◆ What the task asks ◆
Every line of the listing below should be written out exactly, minus its images.

◆ Dataset section ◆
-*-*-

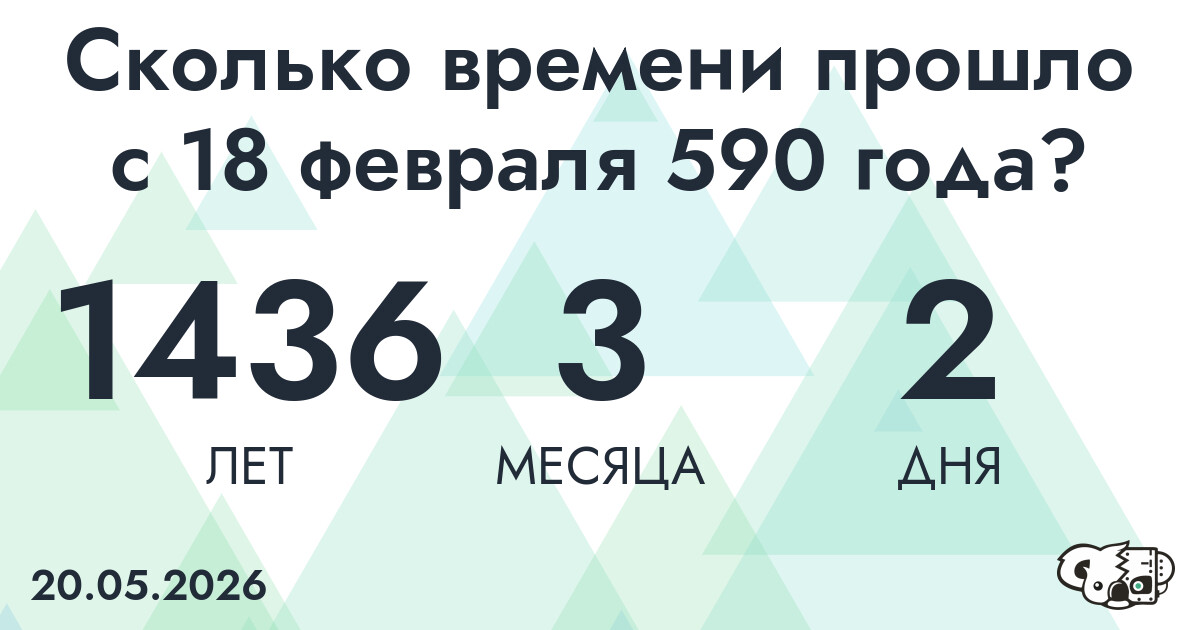 Сколько времени прошло с 18 февраля 590 года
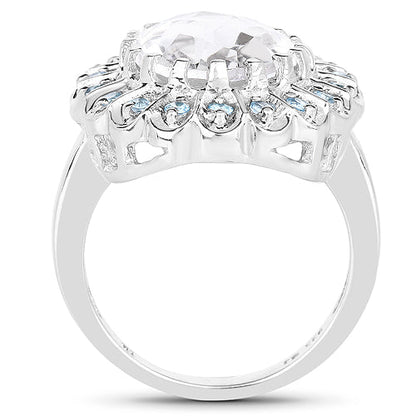 5.90 Carat Genuine Crystal Quartz and Swiss Blue Topaz .925 Sterling Silver Ring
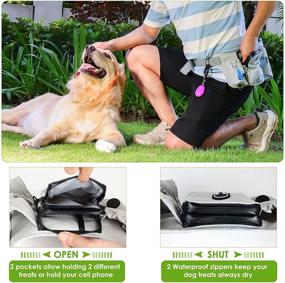 img 2 attached to 🐾 2в1 карман для лакомств при обучении с собакой с встроенным держателем для бутылки с водой и диспенсером для пакетов с кормом для наградного прогулок, походов и переноски снеков, корма и игрушек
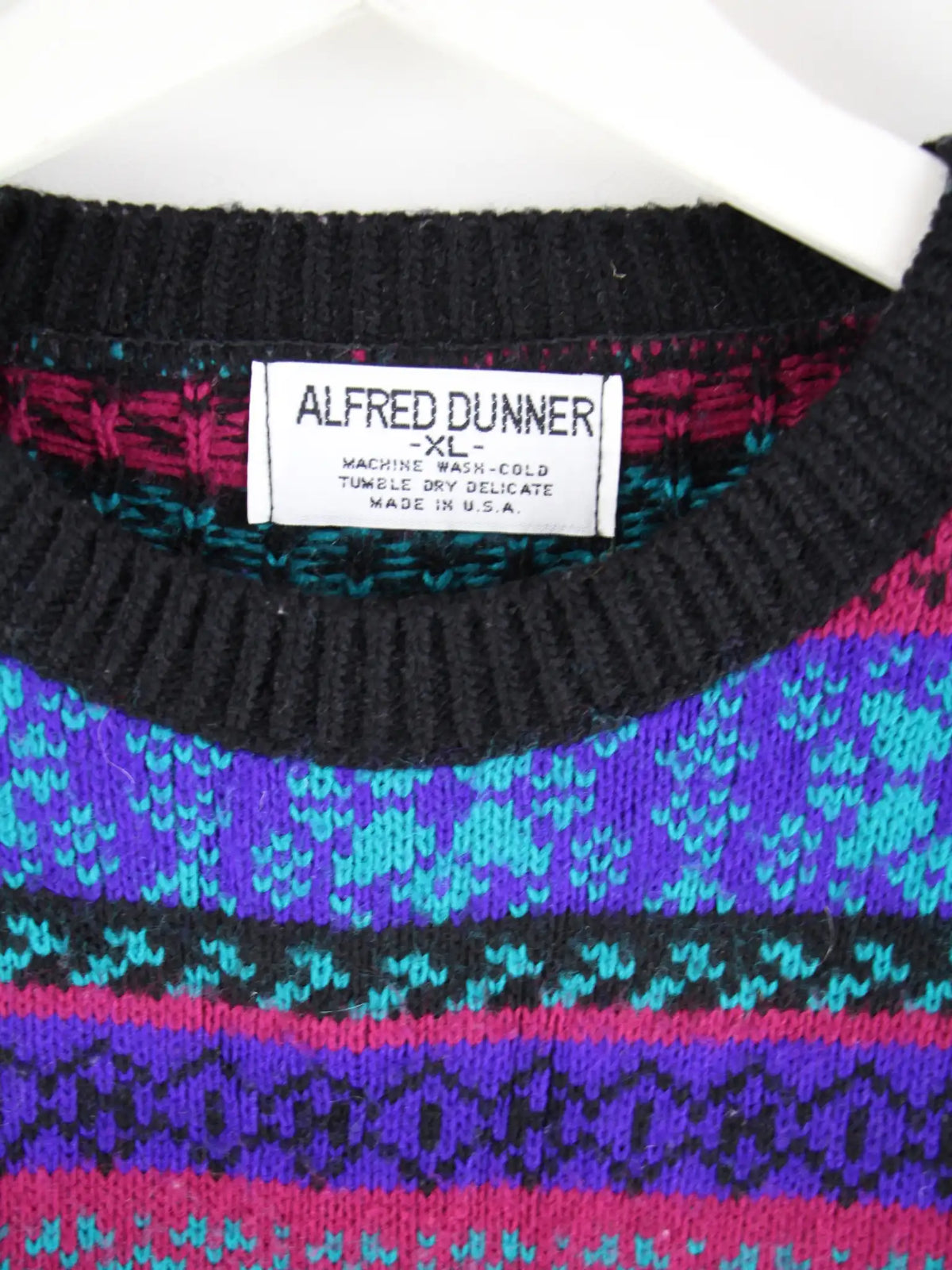 Vintage Pullover Mehrfarbig XL – Detailansicht Vorderseite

-*-*-

◆ Response ◆
 Сколько времени прошло с 18 февраля 590 года
 5.90 Carat Genuine Crystal Quartz and Swiss Blue Topaz .925 Sterling Silver Ring
 img 2 attached to 🐾 2в1 карман для лакомств при обучении с собакой с встроенным держателем для бутылки с водой и диспенсером для пакетов с кормом для наградного прогулок, походов и переноски снеков, корма и игрушек
 Vintage Pullover Mehrfarbig XL – Detailansicht Vorderseite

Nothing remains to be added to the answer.